As a 22-year-old woman with zero real relationship experience, I'm turning to AskMe in this time of indecision. One of my best friends wants to date me, and I like him, but I also want to make out with boys I might like more. Does that make me a bad person? Should I forget about the other boys? Details inside, naturally.
posted by jouir to human relations (33 answers total) 4 users marked this as a favorite
There is a guy, let's call him A, who I have known for about 5 years now. We became increasingly close friends over time despite only seeing each other in person about once a year for short periods of time (we have always lived apart) - we talked via texting or online chatting nearly every day. About a year ago, our formerly platonic relationship began taking a more flirtatious turn. By the end of last summer, we were sexting regularly, and we had a good sexual compatibility, but we both maintained that it was without romantic feeling.
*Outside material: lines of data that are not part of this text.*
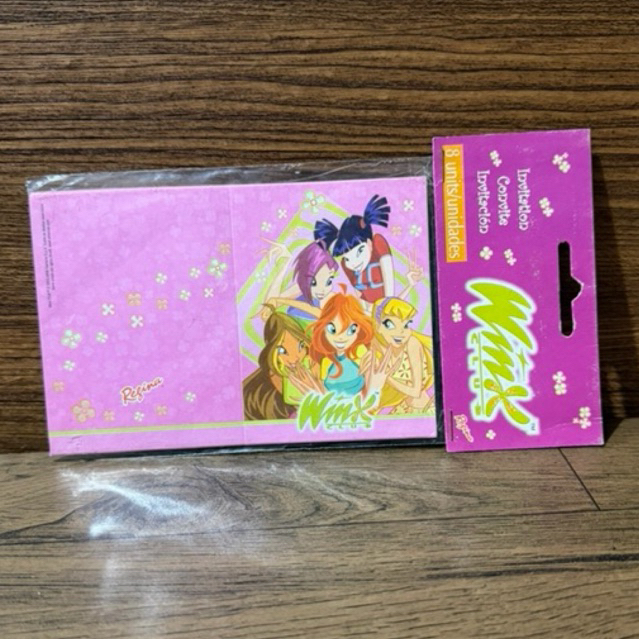 Convite de festa Club Winx anos 2000 Regina 8 unidades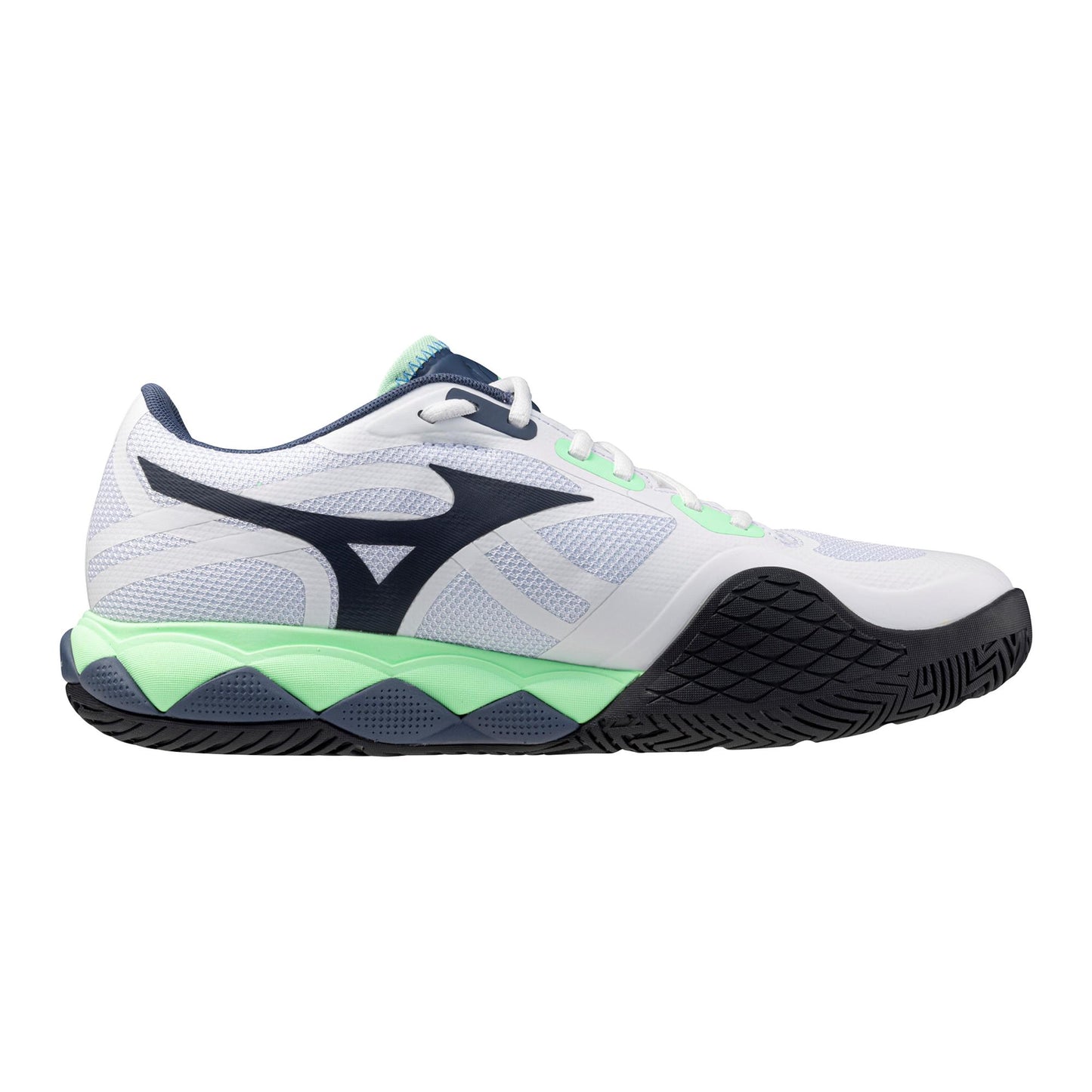 Mizuno Wave Enforce Tour White/Mint Men tennis shoes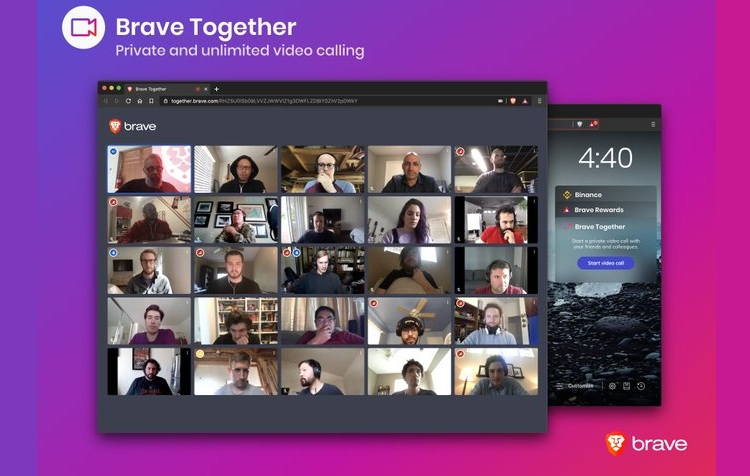 В браузере Brave появилось встроенное приложение для конфиденциальной видеосвязи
We were just friends who happened to want to fuck each other. I think it started becoming a little one-sided here, because he was also physically attracted to me, while I was mostly sexually attracted to him: his body didn't really do anything for me on it's own, but I was turned on by the idea of having sex with him. This led to us getting together in the fall and we had sex - my first time. The sex was fun and we had a good time. By the end of our visit, though, he mentioned that he might be developing feelings for me. When he brought it up I gently expressed that I was flattered but didn't feel the same way.
A is very stubborn, though, so it did not end there. We spent the next few months attempting to remain friends, but it was complicated by
1) He began being increasingly romantic/affectionate in our (still online) communication, telling me sweet things, talking about how beautiful I am, how much he appreciates me and likes me and misses me
2) Although I didn't feel the same way, it's hard to not enjoy that kind of flattery, so I would respond positively
3) Because of these things, A started getting frustrated when I still maintained I did not want to date him.
After a while, I realized that I did have some feelings for him, but I still wasn't open to the idea of dating for reasons which I'll explain below. The frustration of not understanding my reasoning for dating/getting rejected all the time became too much and A cut off contact with me. During this time, I realized that I do care about him a lot, miss him a ton, and I have contemplated often trying to date him. He's not perfect (he can be arrogant, blunt, has trouble accepting affection, and has some familial issues), but he's also often kind, generous, crazy smart, interesting, and thoughtful.
But... I'm still conflicted, which is where AskMe comes in. My reasoning for why I don't think we should date is:
1) We're indefinitely long distance. Certainly until we finish school in the next few months, but then he's 100% sure he's moving to one city that I don't have much interest in. It wouldn't be awful to live there, but there are a number of cities I'd rather be in and I don't like the idea of applying to jobs there just to be with him.
2) I'm worried about my lack of physical attraction to him... while it's increased since we had sex, and I still am sexually attracted to him, there are a number of guys who live in my city currently that I find more attractive than him. Never having been in a relationship before, I worry about wanting to cheat or feeling like I'd rather be with someone more my type.
3) Sort of along similar lines: the culture of partying at my school is such that on any given weekend, I could probably find a cute guy to hook up with. I have done this so far, and I like doing it! To the point where it's perhaps my biggest barrier to this relationship. I feel like if I commit to dating A (and he is only interested in exclusivity), I'm missing out on all the fun making out, and perhaps an opportunity to date someone who is maybe just as great a guy as A and more within my physical type. This is exacerbated by a guy I've been hanging out with lately who seems fun and sweet, who has expressed attraction to me, & who is more my type - circumstances mean we haven't had a chance to pursue anything further, but the fact that he exists makes this hypothetical other option more realistic. Every time I consider texting A and telling him I'm ready to date, I think about this other guy and wonder if maybe he'd be better for me (even though this other guy would only be a short-term/casual thing).
4) Like I said above the cut, I've never been in a relationship before (although my pseudo-relationship with A may count as one). I worry that going directly into an exclusive LDR as my first relationship will create more problems than the happiness it might bring.
A argues that I should stop worrying about what might happen (because all my reasons are hypothetical/future possibilities, not anything that's happening right now) and just do what makes me happy now; which, yes, includes talking to him at the level we were at which was sort of a pseudo non-exclusive relationship. But I'm a very analytical person who finds it hard to just jump in and take risks (see: the length of this AskMe question).
So I suppose my final question is: should I just go with what I have, take the risk, and forget about the possible other guys out there, and if so, how do I let go of the desires to have what's in front of me?